Instructions to follow: Only the lines below from the one that contains "M22 IPL photofacial" through the one that contains "Surgery vs. No" should appear in your answer, exact and without pictures.

Task data:

*** Begin section ***

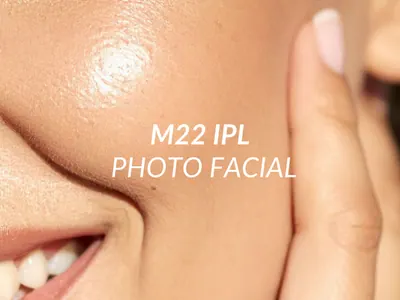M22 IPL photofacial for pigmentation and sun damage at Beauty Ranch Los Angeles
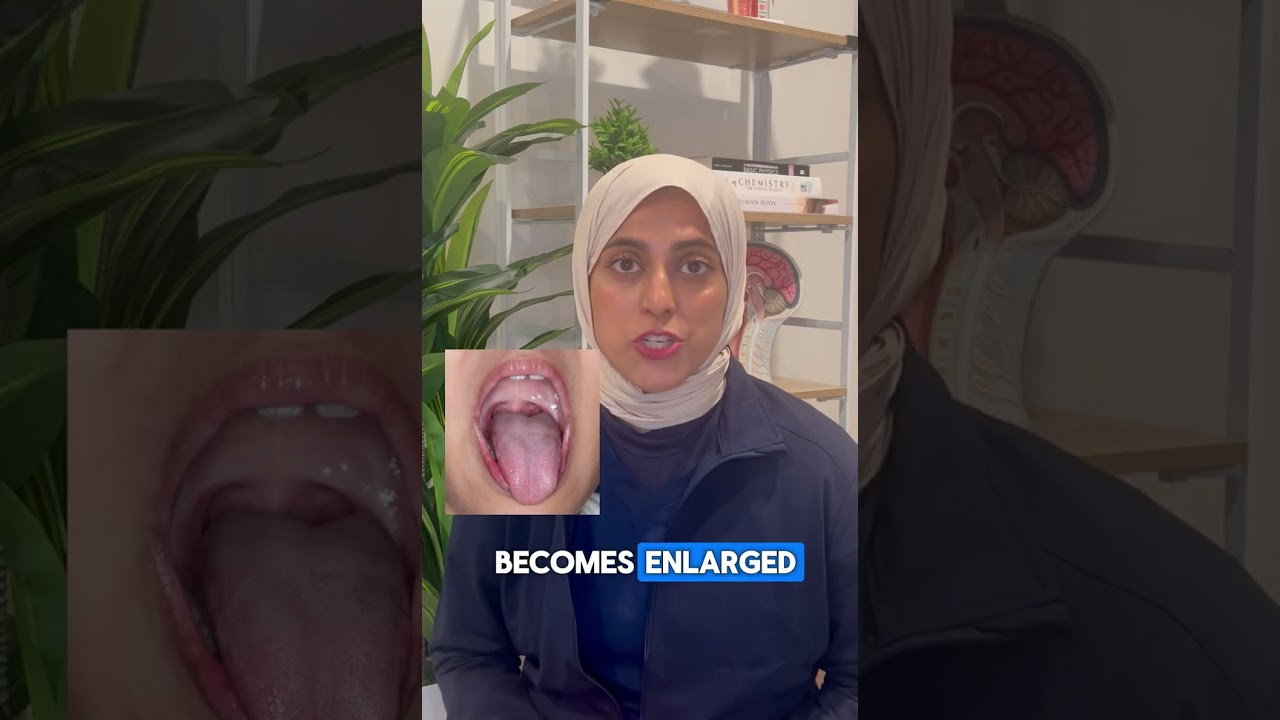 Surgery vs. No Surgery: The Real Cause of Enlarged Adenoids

*** End section ***
*** Begin section ***

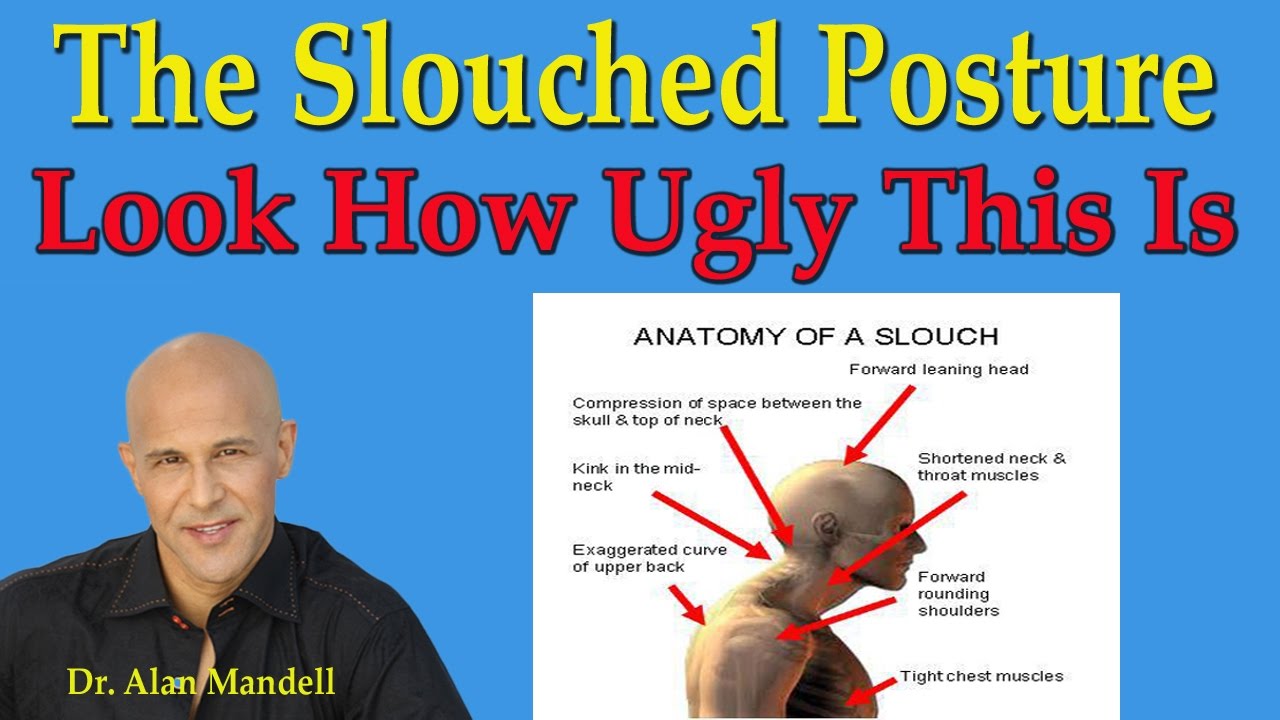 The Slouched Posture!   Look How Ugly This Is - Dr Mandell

*** End section ***

Solution to this problem:
M22 IPL photofacial for pigmentation and sun damage at Beauty Ranch Los Angeles
 Surgery vs. No Surgery: The Real Cause of Enlarged Adenoids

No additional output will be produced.